My work until now was calculated and technophilic, and in a way innocent: Lately it seems I want to write only about love.

Perhaps I know where this comes from.

The streets—those engines of stories—pump out streams of absence that swirl and return in cycles (that eddy) and accumulate as uneven ballast. I begin to tend, I begin to repeat.

I.

My city is not even my city. My city is experienced in transit and in dialects. Continuity eventually produces me as a being with a namethe beginnings of a habitatbut I cannot imagine building a life in my city. It is too much effort. Fantasies in my city are practical, functional equations.
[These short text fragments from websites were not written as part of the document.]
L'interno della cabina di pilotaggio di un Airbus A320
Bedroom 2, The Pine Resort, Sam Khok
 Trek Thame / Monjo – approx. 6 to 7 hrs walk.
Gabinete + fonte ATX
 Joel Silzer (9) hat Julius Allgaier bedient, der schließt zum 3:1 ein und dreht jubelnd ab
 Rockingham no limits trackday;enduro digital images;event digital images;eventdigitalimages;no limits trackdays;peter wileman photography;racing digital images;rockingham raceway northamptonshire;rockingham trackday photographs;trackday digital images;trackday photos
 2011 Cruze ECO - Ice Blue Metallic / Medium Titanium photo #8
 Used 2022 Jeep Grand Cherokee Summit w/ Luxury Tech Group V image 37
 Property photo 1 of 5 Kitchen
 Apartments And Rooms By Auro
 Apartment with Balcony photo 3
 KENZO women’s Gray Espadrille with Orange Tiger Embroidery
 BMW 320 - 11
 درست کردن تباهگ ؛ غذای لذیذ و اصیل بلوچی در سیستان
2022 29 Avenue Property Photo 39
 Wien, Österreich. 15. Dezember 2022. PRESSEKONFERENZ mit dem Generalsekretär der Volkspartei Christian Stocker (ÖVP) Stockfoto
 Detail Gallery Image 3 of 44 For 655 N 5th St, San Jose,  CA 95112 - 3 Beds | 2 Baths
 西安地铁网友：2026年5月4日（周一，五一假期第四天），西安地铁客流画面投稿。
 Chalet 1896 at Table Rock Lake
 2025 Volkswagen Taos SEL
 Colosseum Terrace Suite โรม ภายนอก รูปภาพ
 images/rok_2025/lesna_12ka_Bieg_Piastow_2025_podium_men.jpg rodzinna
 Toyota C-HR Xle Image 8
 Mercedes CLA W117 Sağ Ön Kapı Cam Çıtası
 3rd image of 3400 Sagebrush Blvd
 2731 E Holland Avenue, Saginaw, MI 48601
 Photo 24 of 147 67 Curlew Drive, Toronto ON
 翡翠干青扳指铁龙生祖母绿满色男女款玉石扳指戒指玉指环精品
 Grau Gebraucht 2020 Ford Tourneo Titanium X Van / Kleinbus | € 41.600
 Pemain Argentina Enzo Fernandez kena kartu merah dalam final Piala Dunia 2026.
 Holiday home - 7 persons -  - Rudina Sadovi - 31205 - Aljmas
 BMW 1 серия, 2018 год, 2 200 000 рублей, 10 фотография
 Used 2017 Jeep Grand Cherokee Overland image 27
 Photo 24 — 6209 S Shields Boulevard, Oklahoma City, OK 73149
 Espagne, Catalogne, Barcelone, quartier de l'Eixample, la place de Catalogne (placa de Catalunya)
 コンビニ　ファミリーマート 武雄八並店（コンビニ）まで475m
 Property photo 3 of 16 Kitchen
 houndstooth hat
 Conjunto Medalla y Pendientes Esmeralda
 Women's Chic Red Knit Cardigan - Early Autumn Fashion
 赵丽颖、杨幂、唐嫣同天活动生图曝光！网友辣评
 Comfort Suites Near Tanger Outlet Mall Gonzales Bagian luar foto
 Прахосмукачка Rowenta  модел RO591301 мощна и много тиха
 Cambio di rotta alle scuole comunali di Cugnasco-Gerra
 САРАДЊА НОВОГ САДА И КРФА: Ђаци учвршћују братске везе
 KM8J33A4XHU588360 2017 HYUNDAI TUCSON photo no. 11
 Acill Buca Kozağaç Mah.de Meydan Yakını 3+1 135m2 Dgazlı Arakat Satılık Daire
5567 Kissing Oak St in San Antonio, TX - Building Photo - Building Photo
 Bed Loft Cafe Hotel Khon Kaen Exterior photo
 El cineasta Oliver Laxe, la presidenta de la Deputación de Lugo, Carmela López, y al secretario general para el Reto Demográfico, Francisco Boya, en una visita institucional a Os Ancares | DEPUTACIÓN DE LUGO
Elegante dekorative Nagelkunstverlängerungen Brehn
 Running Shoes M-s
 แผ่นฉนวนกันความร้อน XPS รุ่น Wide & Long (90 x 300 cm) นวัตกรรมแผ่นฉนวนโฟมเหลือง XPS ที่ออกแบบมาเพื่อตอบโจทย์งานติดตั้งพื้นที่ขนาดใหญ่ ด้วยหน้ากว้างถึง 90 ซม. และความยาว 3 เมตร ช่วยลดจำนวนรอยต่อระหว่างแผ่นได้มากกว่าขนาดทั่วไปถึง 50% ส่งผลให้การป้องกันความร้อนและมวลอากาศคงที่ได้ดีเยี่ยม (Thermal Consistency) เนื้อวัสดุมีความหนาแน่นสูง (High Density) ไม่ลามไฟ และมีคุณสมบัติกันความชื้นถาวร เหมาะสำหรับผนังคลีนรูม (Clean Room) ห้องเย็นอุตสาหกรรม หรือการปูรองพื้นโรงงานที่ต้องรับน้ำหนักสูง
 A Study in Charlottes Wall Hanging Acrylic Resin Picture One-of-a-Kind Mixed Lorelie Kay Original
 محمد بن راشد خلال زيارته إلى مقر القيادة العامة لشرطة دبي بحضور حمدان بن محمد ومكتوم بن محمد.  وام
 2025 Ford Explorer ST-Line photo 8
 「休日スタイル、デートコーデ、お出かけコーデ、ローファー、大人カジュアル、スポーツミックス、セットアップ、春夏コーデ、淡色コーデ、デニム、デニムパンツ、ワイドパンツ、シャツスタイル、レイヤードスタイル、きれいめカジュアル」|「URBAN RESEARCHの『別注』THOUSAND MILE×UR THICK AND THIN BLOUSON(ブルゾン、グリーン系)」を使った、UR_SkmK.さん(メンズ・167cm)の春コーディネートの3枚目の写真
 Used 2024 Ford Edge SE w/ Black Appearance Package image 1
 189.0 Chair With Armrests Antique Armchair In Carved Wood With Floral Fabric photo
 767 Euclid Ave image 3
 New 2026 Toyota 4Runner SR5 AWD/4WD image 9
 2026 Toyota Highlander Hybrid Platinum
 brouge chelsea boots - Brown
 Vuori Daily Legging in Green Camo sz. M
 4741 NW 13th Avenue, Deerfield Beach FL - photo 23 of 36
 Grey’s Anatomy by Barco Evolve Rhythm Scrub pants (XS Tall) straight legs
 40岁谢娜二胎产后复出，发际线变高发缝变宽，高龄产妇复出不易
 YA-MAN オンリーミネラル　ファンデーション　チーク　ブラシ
They measure distances between points, schedules and social classes. I find it hard to dream in my city. 

II.

Yet I allow you a city. When I wander through your city I get to imagining how you would move about this place, where interactions happen, the gatherings and celebrations, how would you go home with someone and who you’d avoid on the way there; in your city I imagine how different generations coexist and what skills you would need to be successful there; what tradition would dictate, which areas you would steer clear of, how public would your life be and how would you dress? To see someone’s home empowers that native, the inhabitant, the knower, the master, the one with bonds and family; your person becomes filled out, strictly without your presence. Your image, to me the visitor, is given reason; the factors that form a personality become visible within the construct, and you are God-like, Nature-like, so dominant and impressive compared to the one I thought I knew, isolated and plucked from your context, as you were.  

III.

In a city where I know nobody and nobody who has ever lived there, bodies appear randomly. Someone just exists for that moment our paths cross. I am desperate to understand how the young people meet each other and start relationships, but everything is pre-determined. Faces host neither normal nor aberrant expressions; they are simply locked to their surroundings. The shopping malls where I become aware of these ‘people’ have erected spontaneously, only moments ago, like complex mushrooms.  

This is no encyclopaedia. I can imagine countless permutations; I can imagine the possibility that there are no singular locations and no singular individuals who come from them to tease another with their secrets. Or another possibility: Where on my register is the scenario of following someone to Texas, out of ardour, only to end up working in a gun shop? I am a beginner, and still quite old-fashioned; I leave it to the poets to report back to me.